ABOUT THIS TASK: Retype the records below exactly as given, but only from the first line through the line with "Building Photo - 855 NW 80th Terrace", and without the pictures.

PROVIDED ENTRIES:
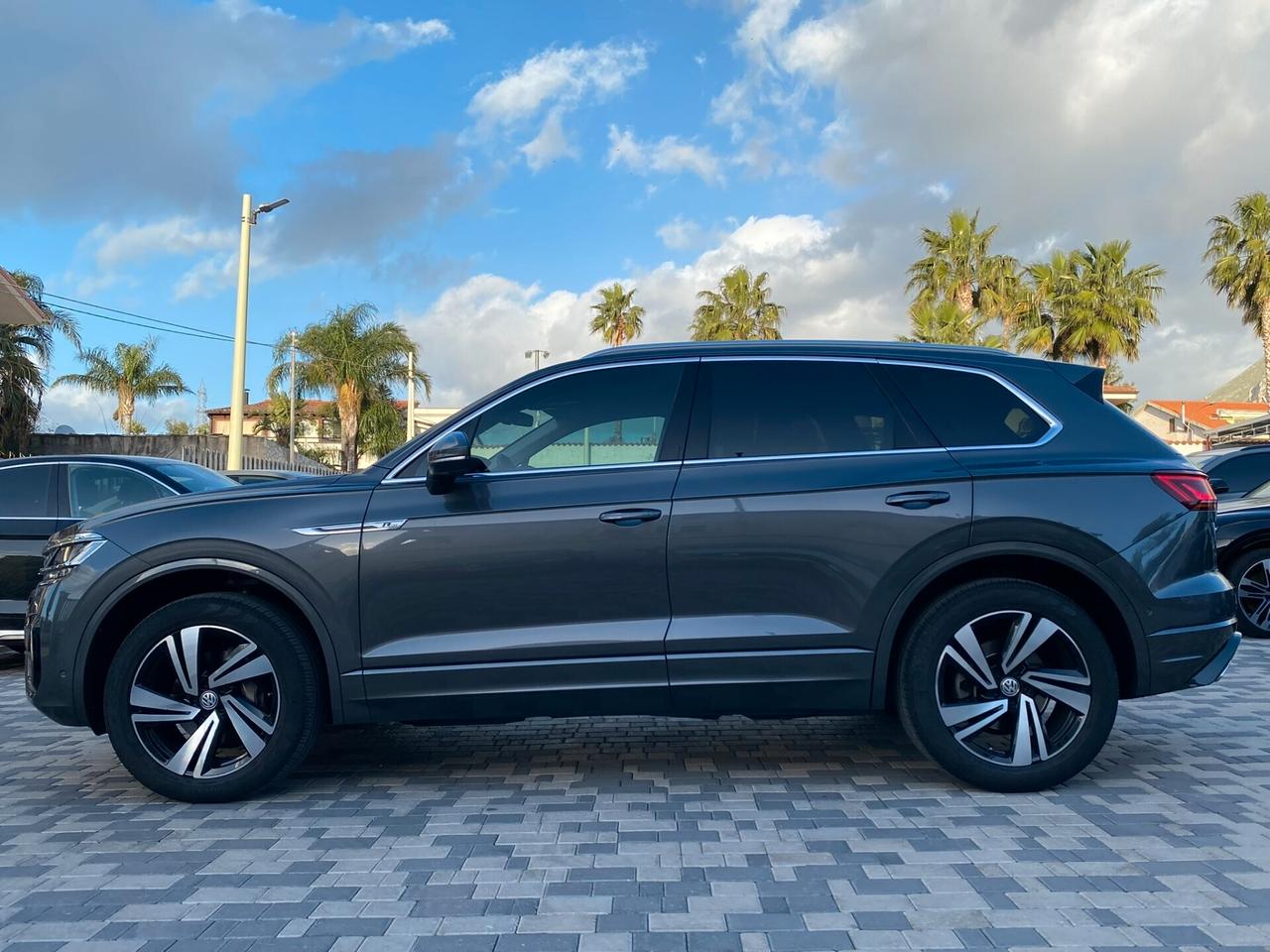 Volkswagen Touareg R-Line Exterior Pack 3.0 TDI 286CV tiptronic 4x4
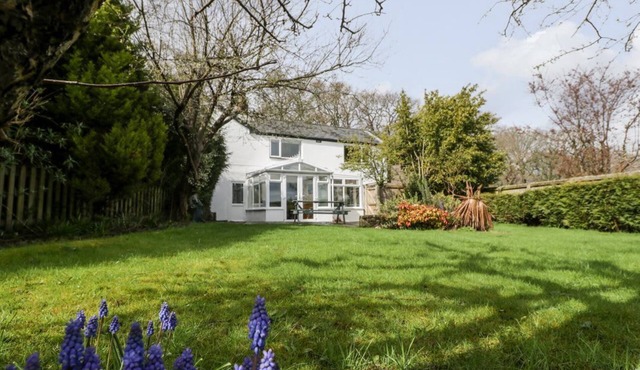 Charming Pippins Home in Bream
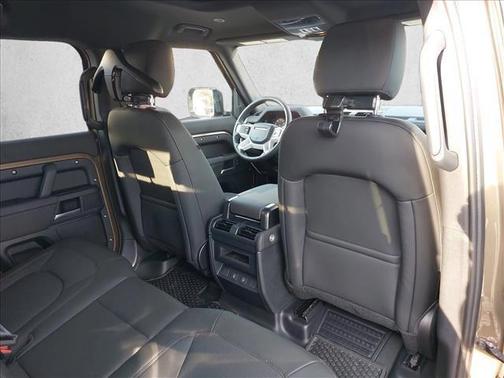 2025 Land Rover Defender 110 P400 S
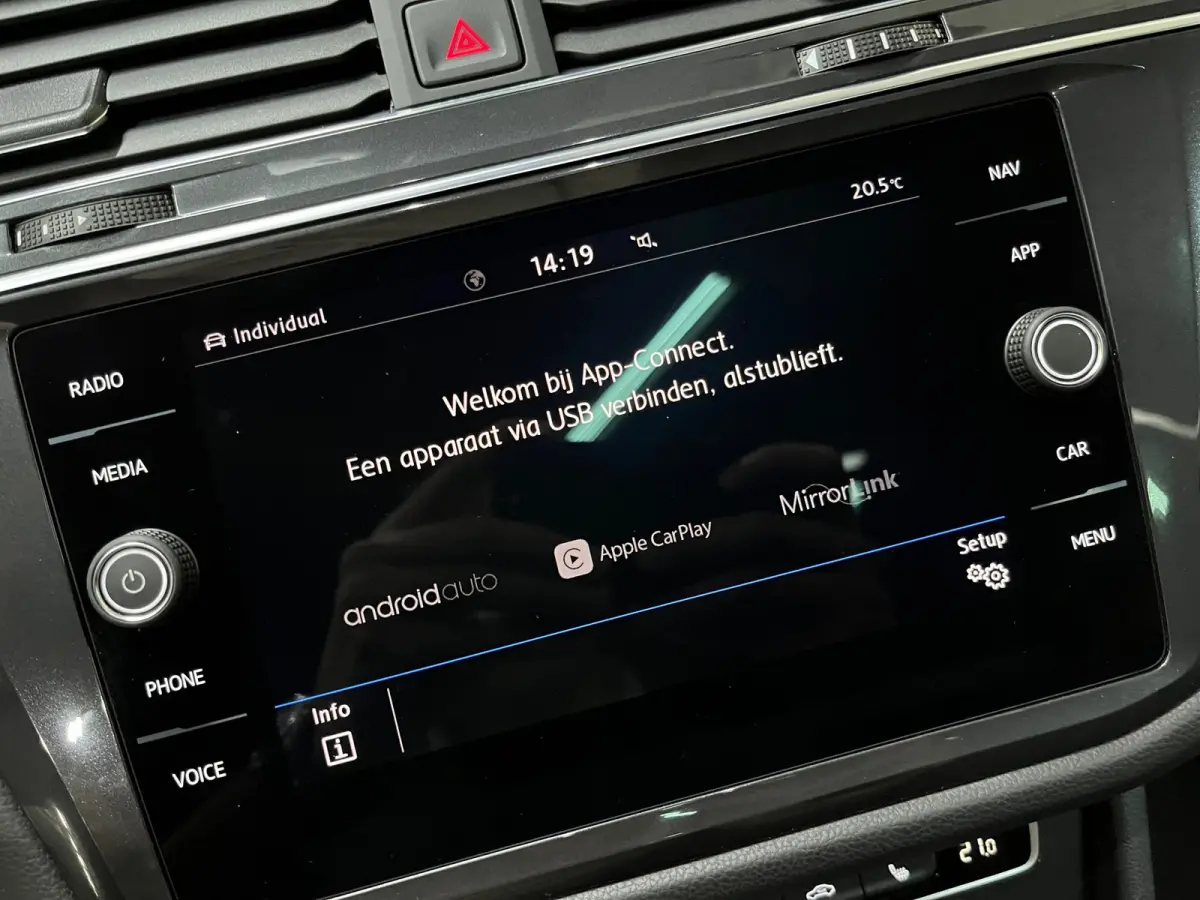 1.5 TSI Highline Business R R-Line Automaat | Panoramadak | Trekhaak | Virtual Cockpit |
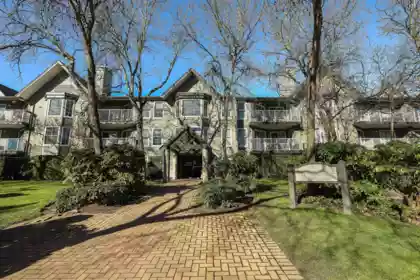 210 15110 108 Avenue, Surrey, BC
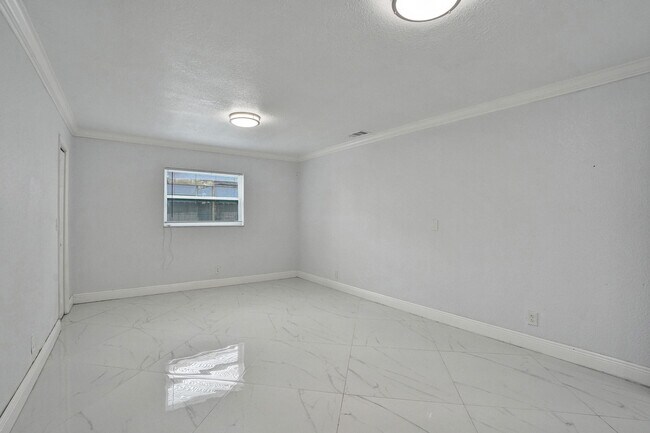 Building Photo - 855 NW 80th Terrace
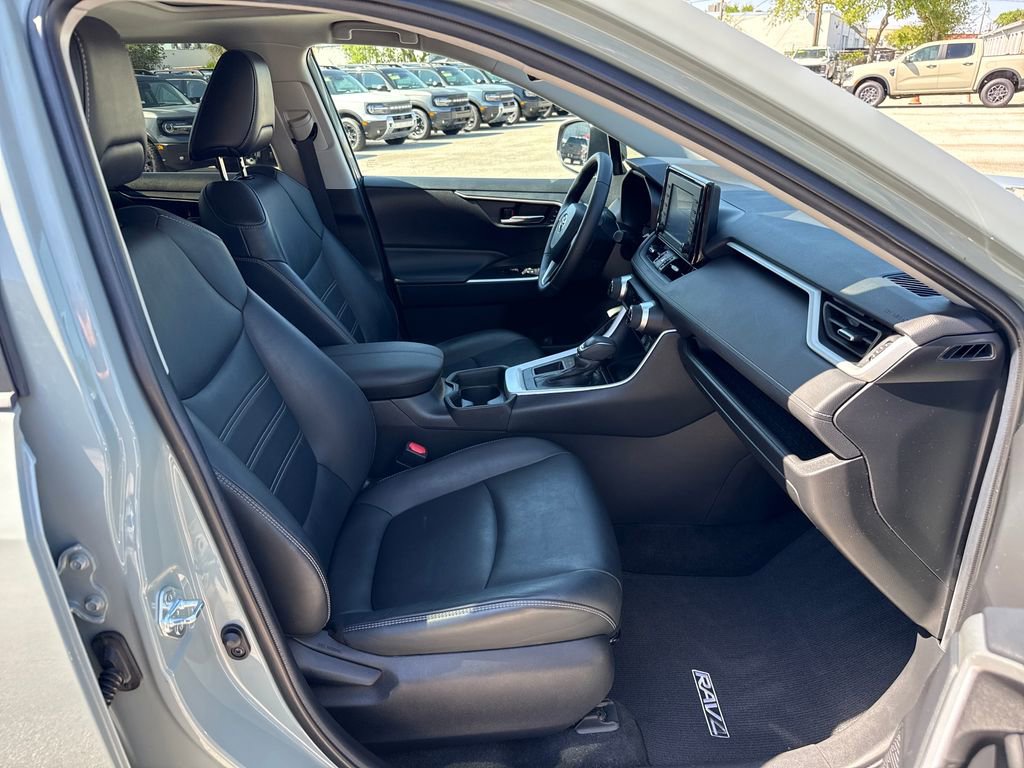 Used 2021 Toyota RAV4 XLE Premium image 25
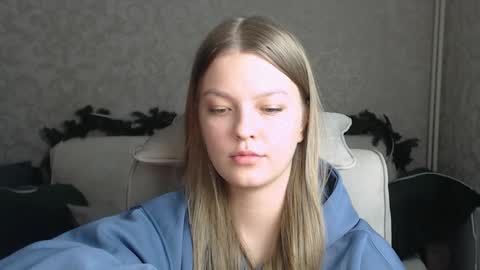 Snapshot of emysway chatting on January 31, 2025, 2:07 pm EmySway online show from January 31, 2025, 2:07 pm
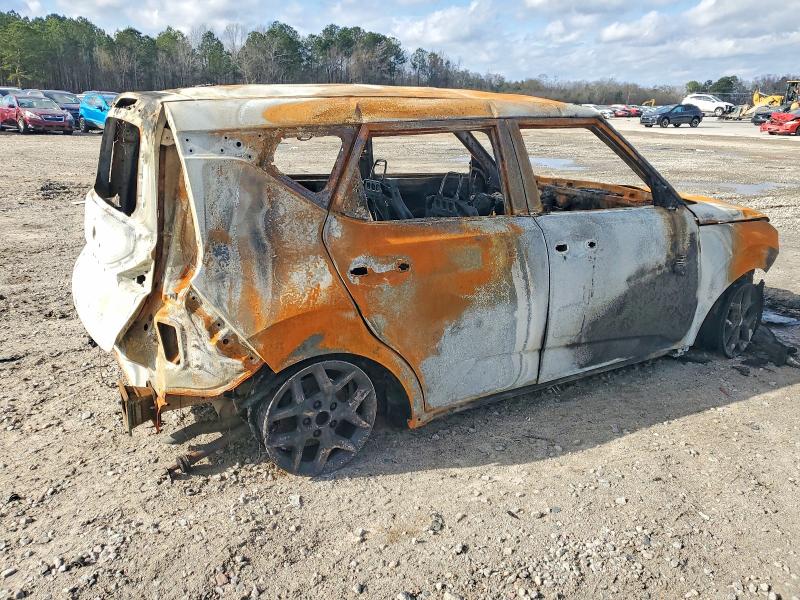2025 Kia Soul VIN KNDJ23AU7S7949850 COPART salvage auction — BURN, Sc - Cert Of Title-Salvage Fire, sold $150 on 2026-07-06 (photo 3)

TASK OUTPUT:
 Volkswagen Touareg R-Line Exterior Pack 3.0 TDI 286CV tiptronic 4x4
 Charming Pippins Home in Bream
 2025 Land Rover Defender 110 P400 S
 1.5 TSI Highline Business R R-Line Automaat | Panoramadak | Trekhaak | Virtual Cockpit |
 210 15110 108 Avenue, Surrey, BC
 Building Photo - 855 NW 80th Terrace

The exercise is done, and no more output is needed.